Hainan Airlines, China’s biggest private airline company, has completed the first for the country commercial flight, powered by biofuel from restaurant left-over cooking oil.
Sure, we are all following the Swiss Solar Impulse 2, while the plane is circulating the world powered by solar, but while this is happening, the competition for eco-friendly air flights is growing rapidly. One of China’s largest airlines, Hainan Airlines, hurried up to show that they are 100% committed to the environment, and without compromising any safety or fuel efficiency rules, they completed a flight using biofuel from used cooking oil.
The company’s Boeing 737 Next Generation, flew from Shanghai to Beijing, carrying 100 passengers on board and piloted by the vice president of Hainan Airlines himself. The fuel was a 50:50 mix of conventional jet fuel and biofuel from cooking oil. The flight produced the incredible 80% less carbon dioxide emissions than any conventional kerosene-powered flight on this track.
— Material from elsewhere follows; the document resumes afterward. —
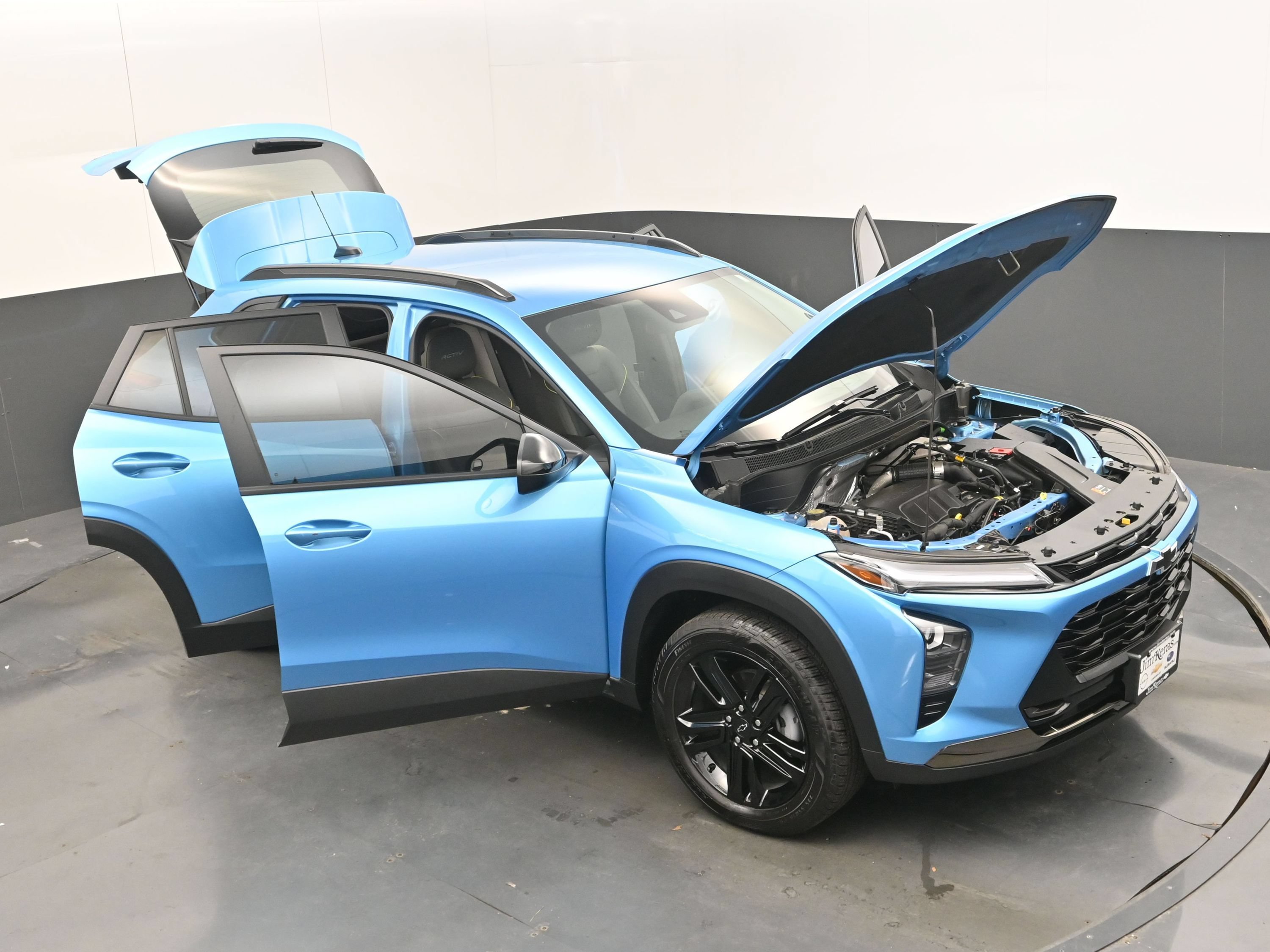 Used 2025 Chevrolet Trax ACTIV FWD image 36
This achievement is incredible, not only because China holds the second place on the world’s air travel market chart, just after the U.S..The market predictions indicate that in order to meet the country’s demands in the coming decades, China will have to spend more than $800 billion and purchase a minimum of 6,000 new aircrafts. Needless to say, powering all these will add a huge expense to all airline companies’ budgets. In this sense, tapping into the endless resource of left-over cooking oil from the billions of restaurants across the country, would be the ideal solution everyone is waiting for.
A pilot facility that has the capacity to convert as much as 650 liters of cooking oil into biofuel per day is already set up. It is owned by Boeing and the airplane manufacturer Commercial Airplane Corporation of China, and it is believed that it could produce up to 1.8 billion liters of biofuel per year.
Of course, as it is with any innovation, some people are very skeptical, and claim that the price will never be competitive with fossil fuels. Since 2011 when the first ever flight using biofuels was conducted by the Dutch KLM, only 1,500 flights have been powered by the eco-friendly alternative. To put this number in perspective, each day the world serves an average of 100,000 flights. In addition, skeptics question whether there will be a sufficient amount of used oil to produce the amounts of biofuel the companies are targeting.
Nevertheless, considering the impossible to regulate black market for gutter oil, the dangerous consequences of its consumption on human health, and of course the huge amount of emissions from conventional kerosene, I do believe that the process should be given a fair chance.
After all, people said the prices of solar would never be competitive with fossils, and look how that turned out.